[Image-text web data]
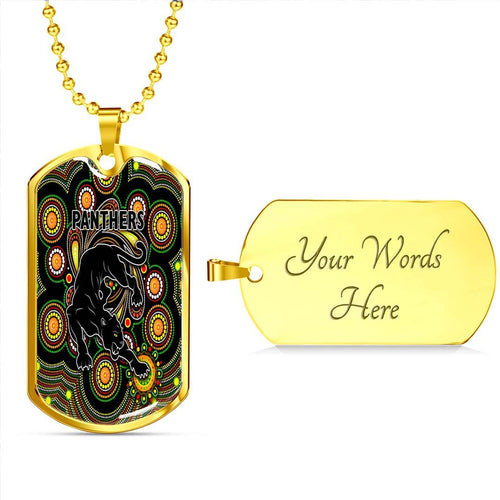 Vibe Hoodie Dog Tag - Penrith Panthers Indigenous New - Rugby Team Dog Tag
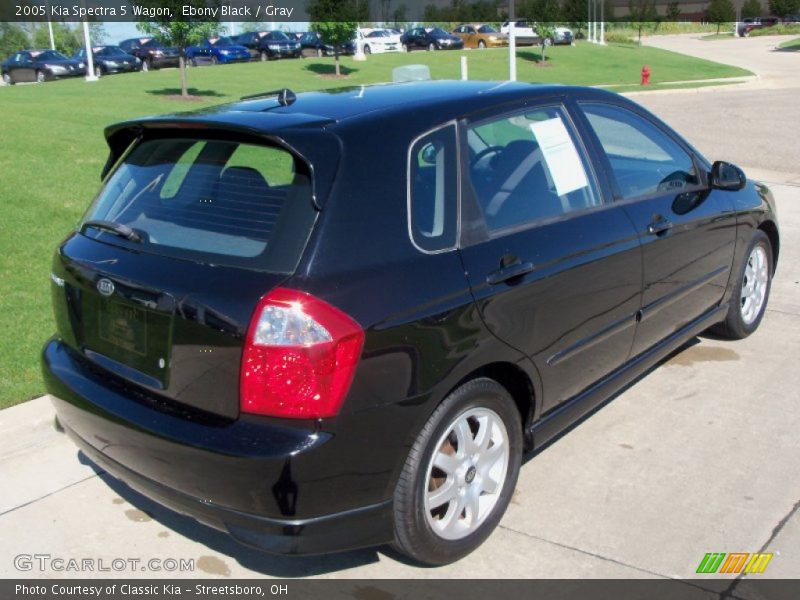 Ebony Black / Gray 2005 Kia Spectra 5 Wagon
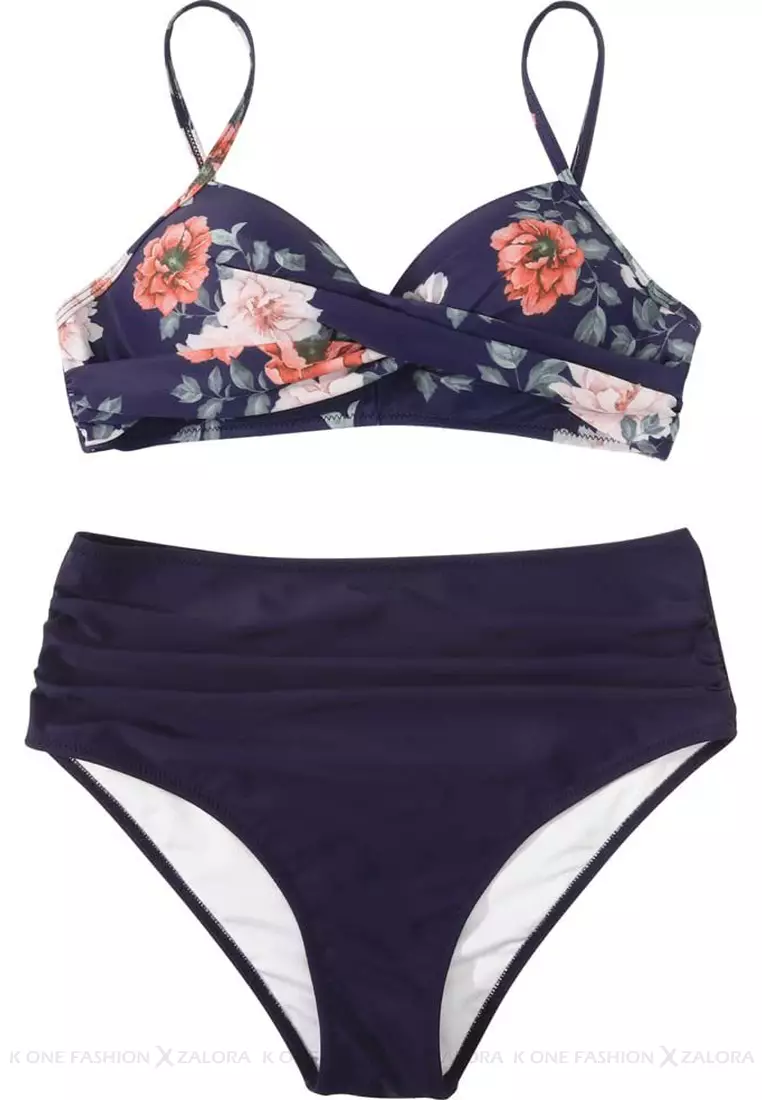 (2pcs)Sexy Suspender Bikini Swimsuit
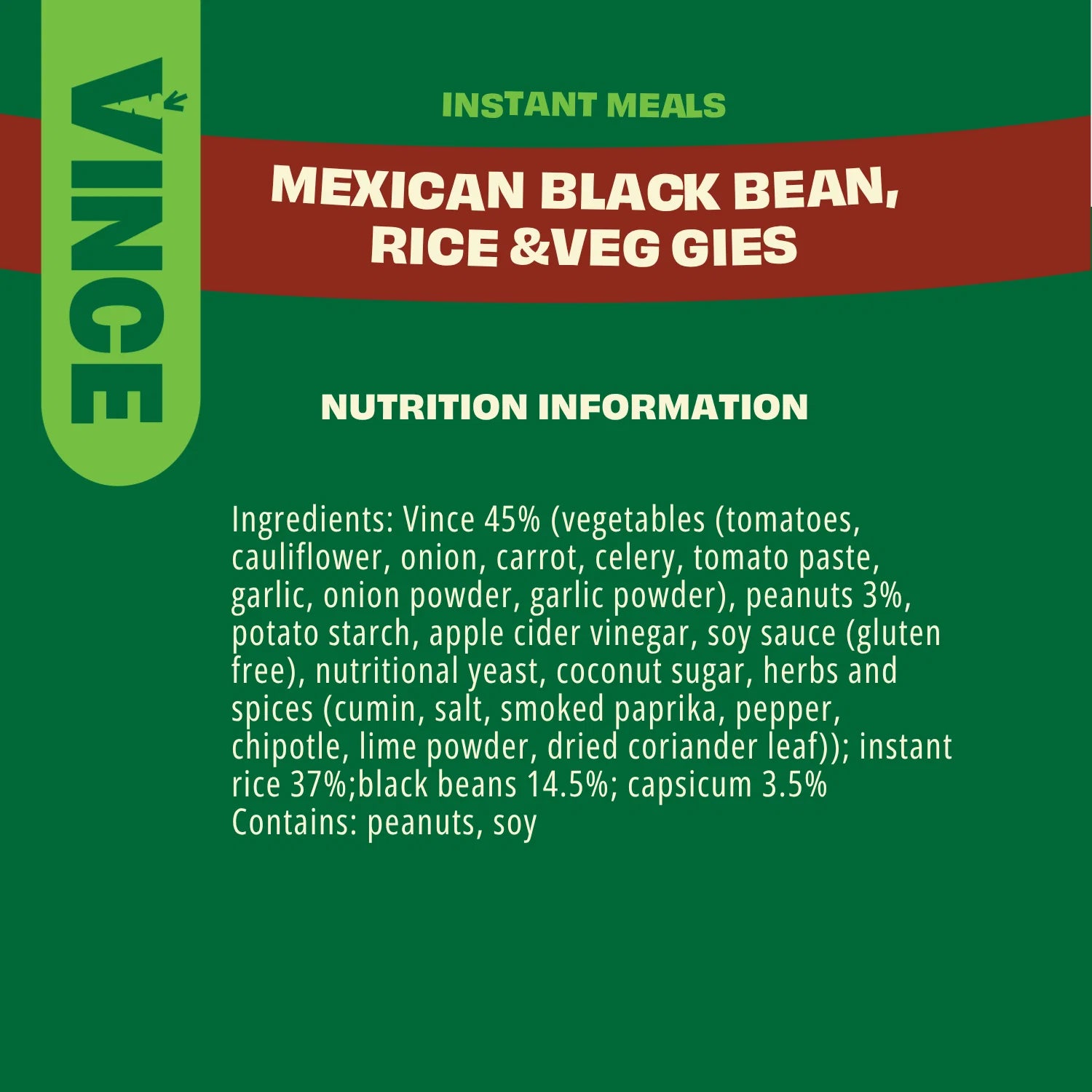 Vince instant meal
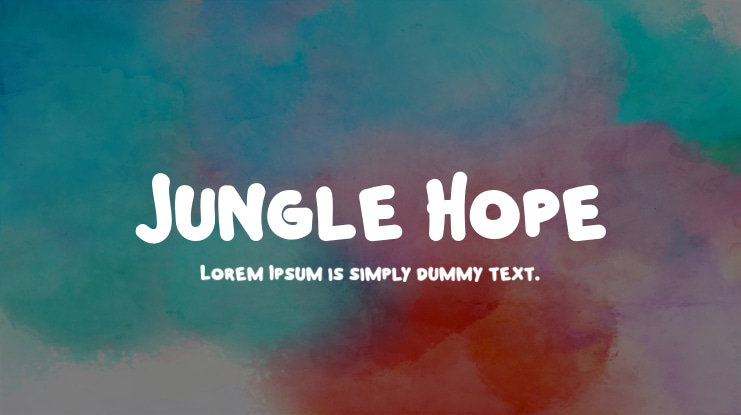 Jungle Hope Font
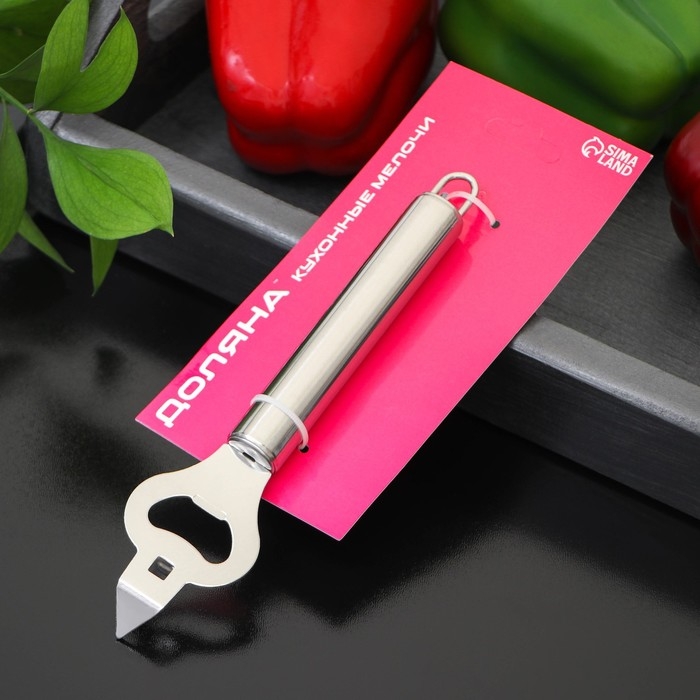 Нож консервный Доляна &laquo;Металлик&raquo;, 16 см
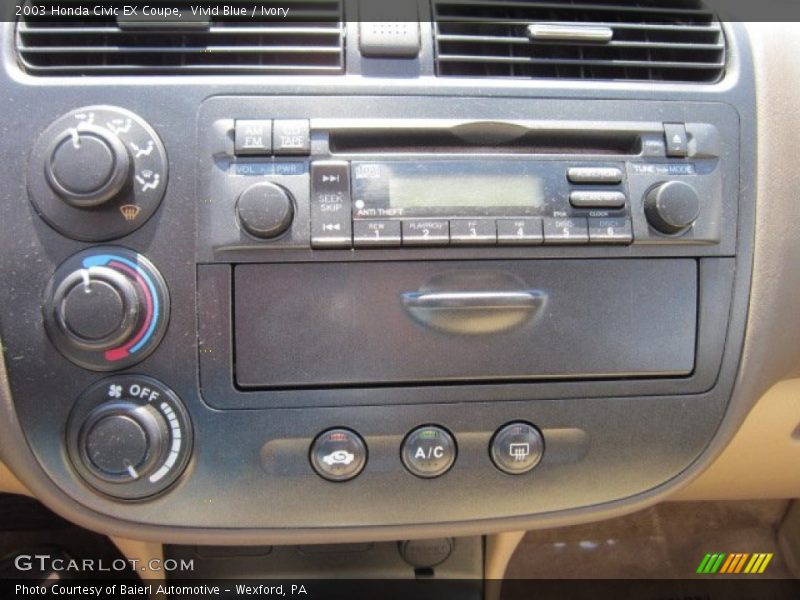 Vivid Blue / Ivory 2003 Honda Civic EX Coupe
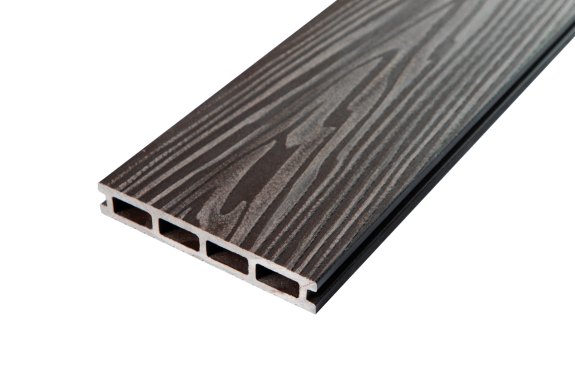 Террасная доска Grand Line 150х25мм 3D Винтаж Венге 4м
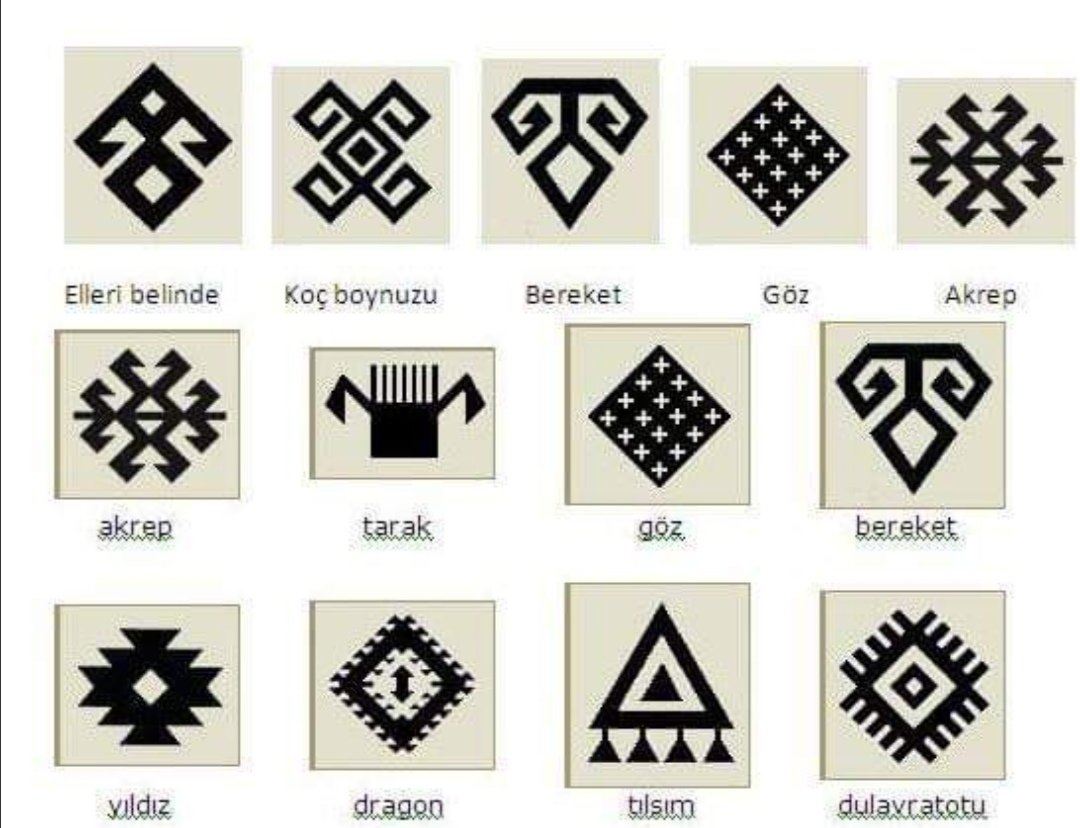TÜRK HALI VE KİLİMLERİNDE BAŞLICA SEMBOLLER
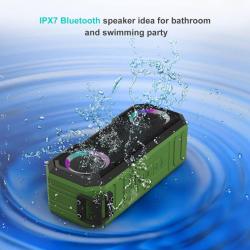 Enceinte Portable Haut-Parleur Bluetooth Son Qualite Etanche IPX6 Resistant Choc VERT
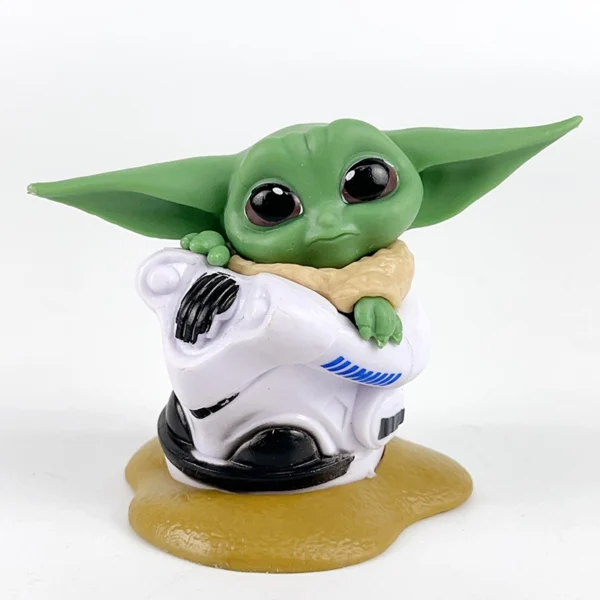 Cute Baby Yoda Action Figures -3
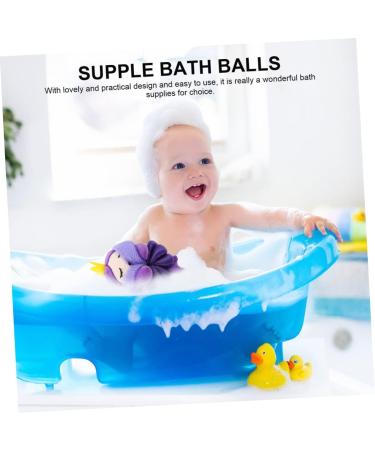 Healeved 6 Pcs Bath Ball Set | Loofah Sponges & Scrubbers for Exfoliating Skin | Ideal Bath & Shower Accessories - Buy Online on GoSupps.com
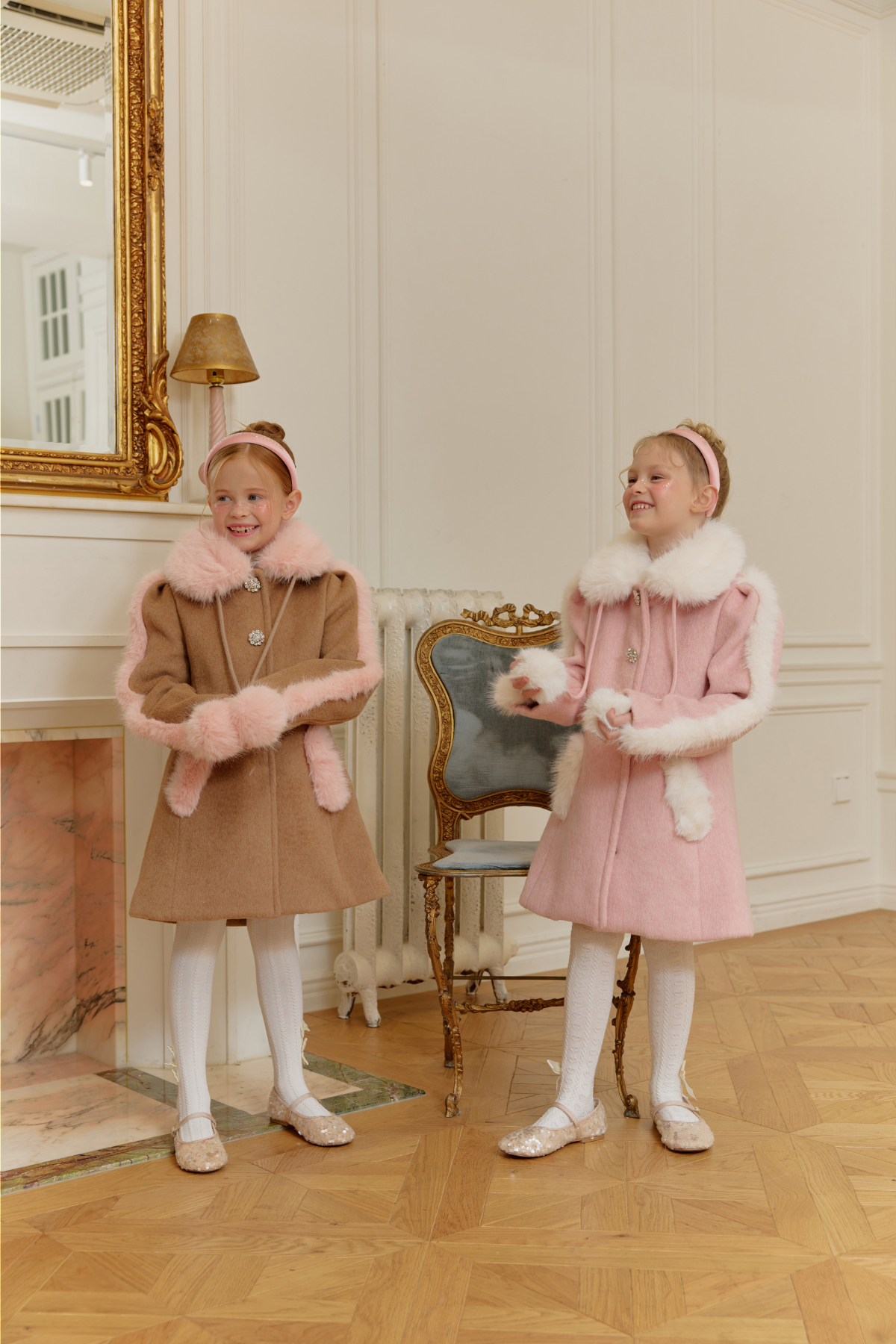 코트 모델 착용 이미지-S112L46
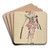 Pierrot Boys by Will R. Barnes Art Drink Coaster set Pierrot Boys by Will R. Barnes Art Drink Coaster set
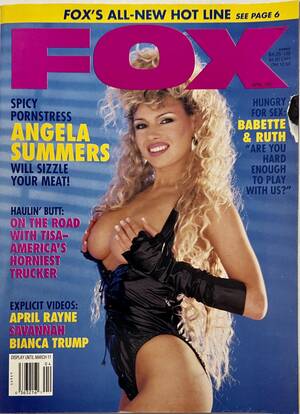 Angela Summers Porn Magazine Covers - Fox April 1992 *Angela Summers* - Vintage Magazines 16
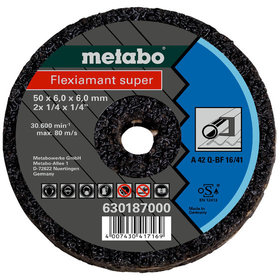 metabo® - Kleinschruppscheibe Flexiamant Super 50x6,0x6,0 Stahl (630187000)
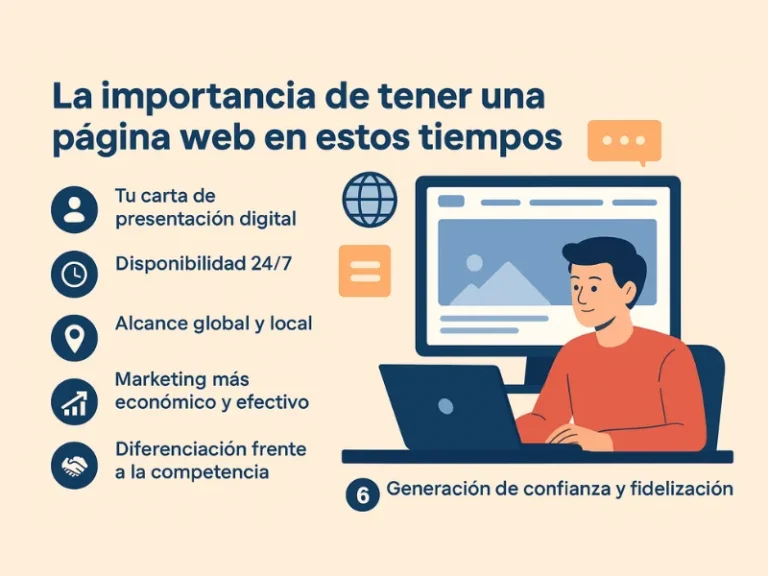 La importancia de tener una página web en estos tiempos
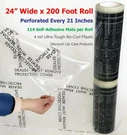Sticky Floor Mats 24 Wide X 200 Roll 21 Perforated Adhesive 4MIL. Fixed Price $69.95.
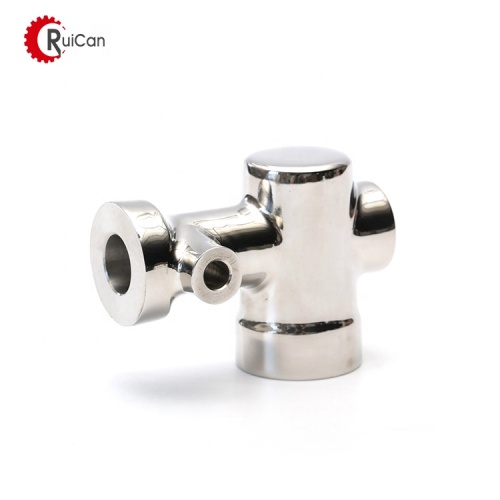 I-chrome plated brass flow diverter valve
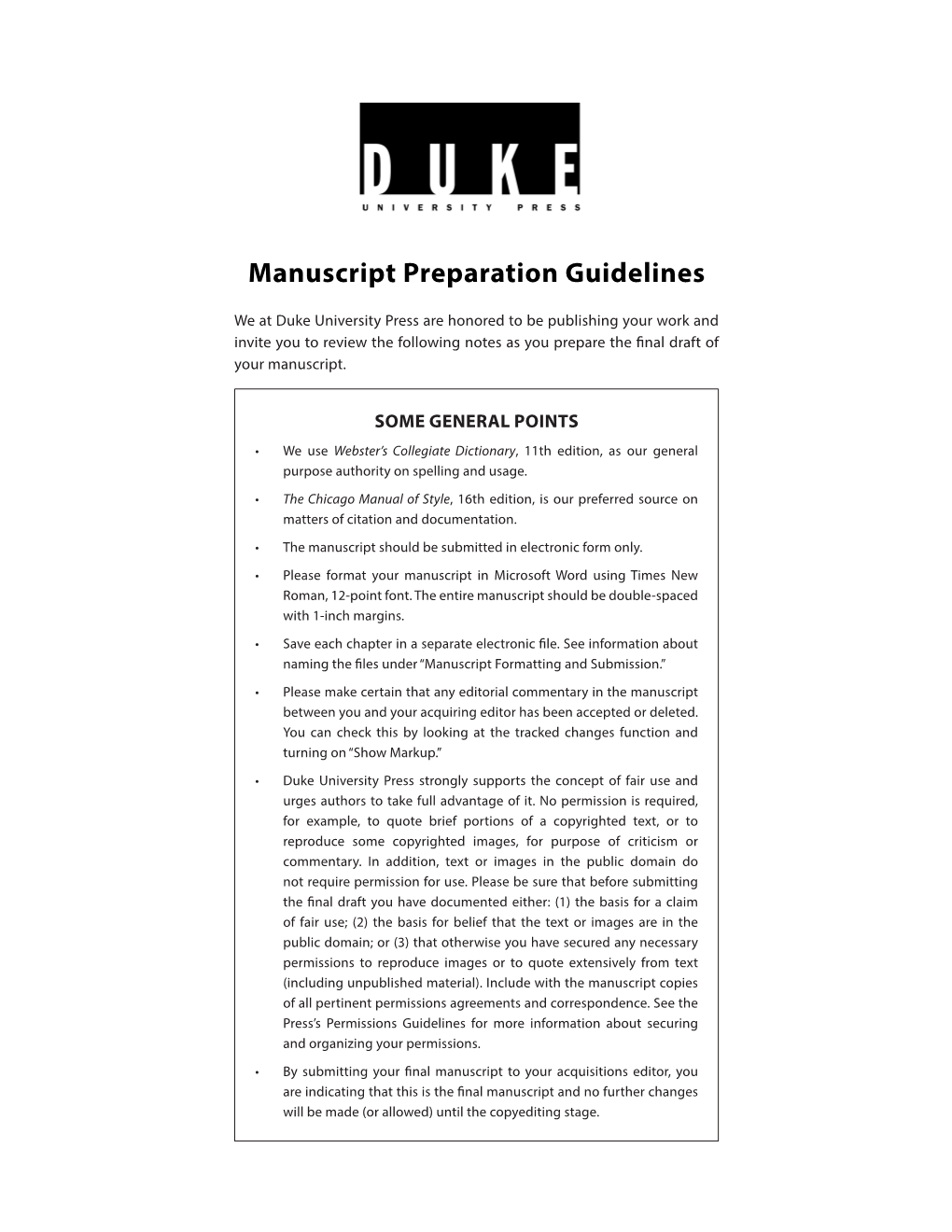 Manuscript Guidelines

### What you will do
Retype all of the entries exactly as written, leaving out any images.

### Answer section
 Vibe Hoodie Dog Tag - Penrith Panthers Indigenous New - Rugby Team Dog Tag
 Ebony Black / Gray 2005 Kia Spectra 5 Wagon
 (2pcs)Sexy Suspender Bikini Swimsuit
 Vince instant meal
 Jungle Hope Font
 Нож консервный Доляна &laquo;Металлик&raquo;, 16 см
 Vivid Blue / Ivory 2003 Honda Civic EX Coupe
 Террасная доска Grand Line 150х25мм 3D Винтаж Венге 4м
TÜRK HALI VE KİLİMLERİNDE BAŞLICA SEMBOLLER
 Enceinte Portable Haut-Parleur Bluetooth Son Qualite Etanche IPX6 Resistant Choc VERT
 Cute Baby Yoda Action Figures -3
 Healeved 6 Pcs Bath Ball Set | Loofah Sponges & Scrubbers for Exfoliating Skin | Ideal Bath & Shower Accessories - Buy Online on GoSupps.com
 코트 모델 착용 이미지-S112L46
 Pierrot Boys by Will R. Barnes Art Drink Coaster set Pierrot Boys by Will R. Barnes Art Drink Coaster set
 Angela Summers Porn Magazine Covers - Fox April 1992 *Angela Summers* - Vintage Magazines 16
 metabo® - Kleinschruppscheibe Flexiamant Super 50x6,0x6,0 Stahl (630187000)
 La importancia de tener una página web en estos tiempos
Sticky Floor Mats 24 Wide X 200 Roll 21 Perforated Adhesive 4MIL. Fixed Price $69.95.
 I-chrome plated brass flow diverter valve
 Manuscript Guidelines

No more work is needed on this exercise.